* [WORK REQUEST]:
Omit the pictures and output every entry below exactly as written.

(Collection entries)
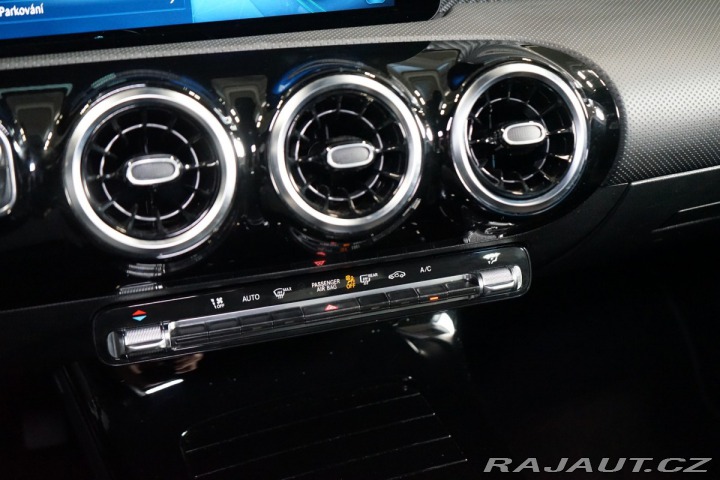 Mercedes-Benz A 180*CAMERA*CARPLAY* 2023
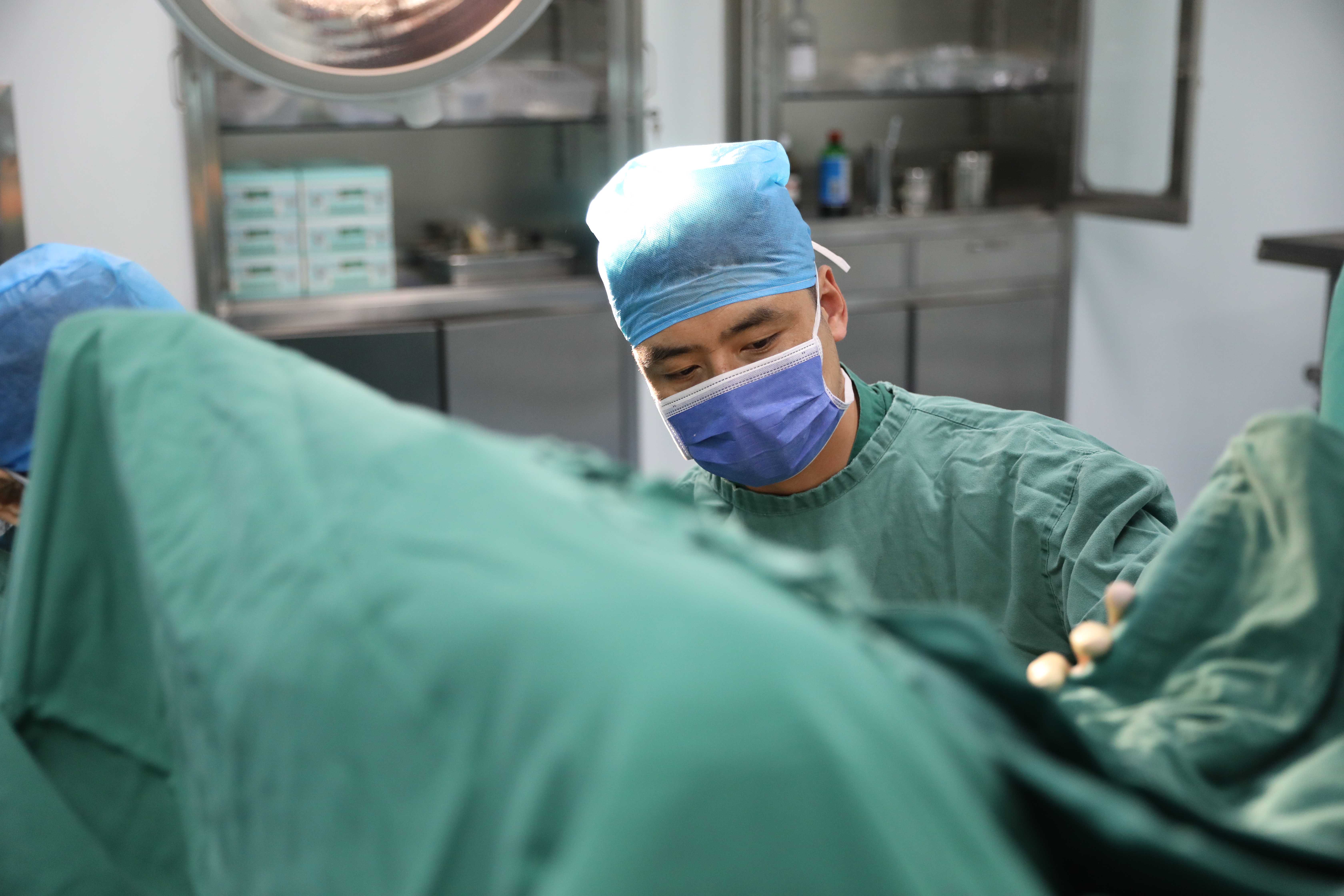 十大感动临城人物事迹医者仁心敬业奉献范海涛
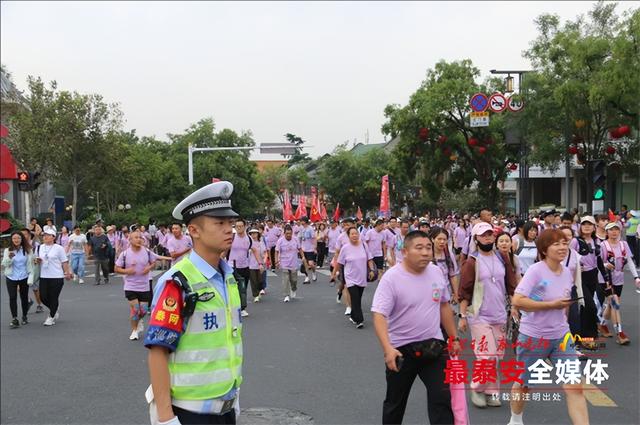 数千人攀登泰山！泰安交警的“赛道”在路边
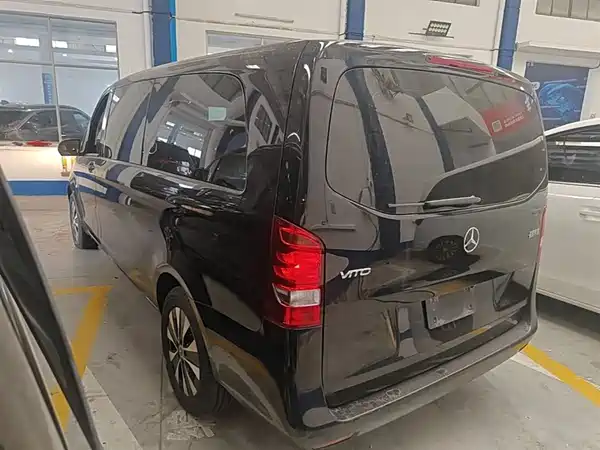 Mercedes-Benz Vito 2023, фото 5
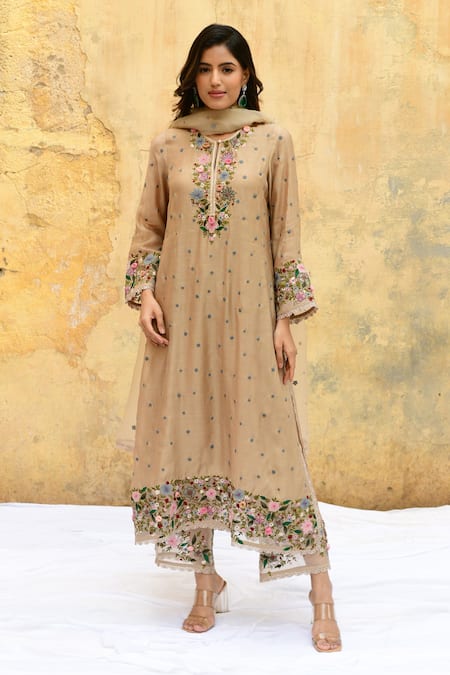 Label Niti Bothra_Ivory Silk, Bamboo Embroidery, Lace Round Neck Flower And Rosette Kurta Set _Online_at_Aza_Fashions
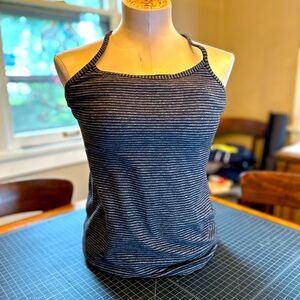 Lululemon tank size 8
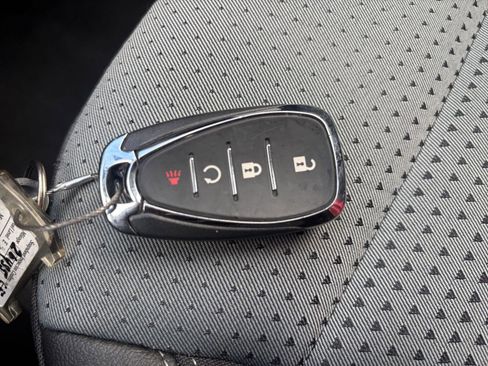 Used 2025 Chevrolet Trax LT FWD image 21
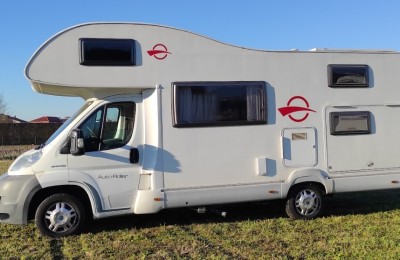 Camper usati: Mansardato Roller Team Autoroller 7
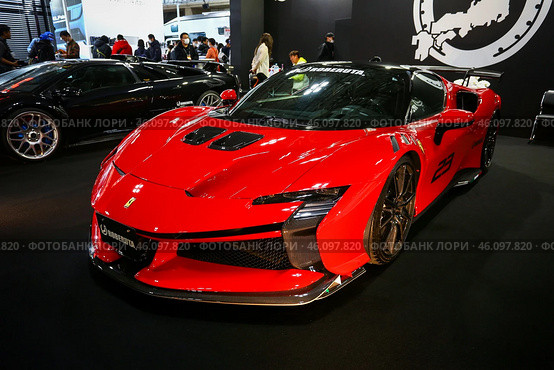 Ferrari SF90 Stradale. Редакционное фото, фотограф Art Konovalov / Фотобанк Лори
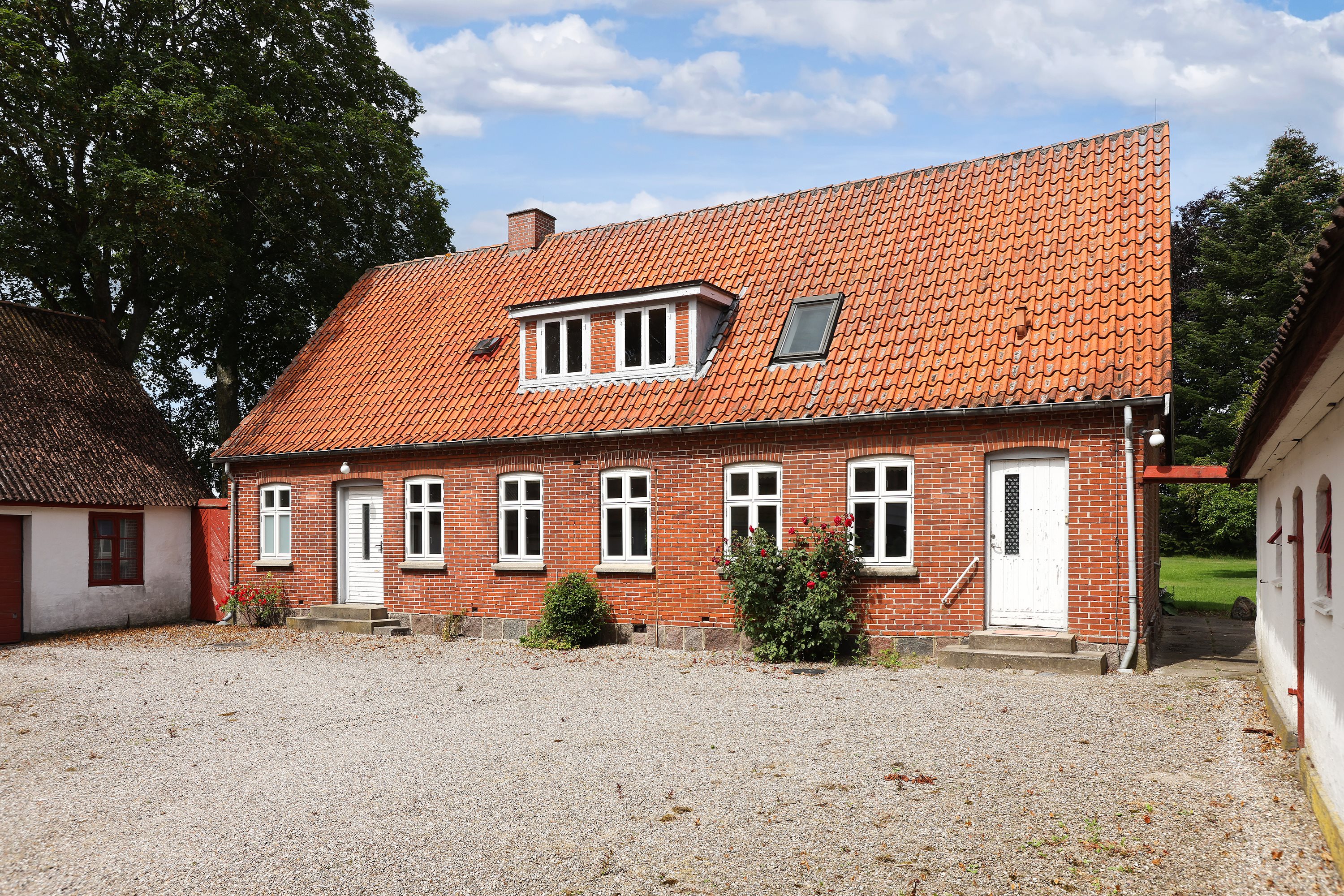 Fremhævet ejendommen billede i fuldskærmstilstand. Billede af Ølsevej 23, Sandby, 4171 Glumsø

* [EXERCISE RESULT]:
 Mercedes-Benz A 180*CAMERA*CARPLAY* 2023
 十大感动临城人物事迹医者仁心敬业奉献范海涛
 数千人攀登泰山！泰安交警的“赛道”在路边
 Mercedes-Benz Vito 2023, фото 5
 Label Niti Bothra_Ivory Silk, Bamboo Embroidery, Lace Round Neck Flower And Rosette Kurta Set _Online_at_Aza_Fashions
 Lululemon tank size 8
 Used 2025 Chevrolet Trax LT FWD image 21
 Camper usati: Mansardato Roller Team Autoroller 7
 Ferrari SF90 Stradale. Редакционное фото, фотограф Art Konovalov / Фотобанк Лори
 Fremhævet ejendommen billede i fuldskærmstilstand. Billede af Ølsevej 23, Sandby, 4171 Glumsø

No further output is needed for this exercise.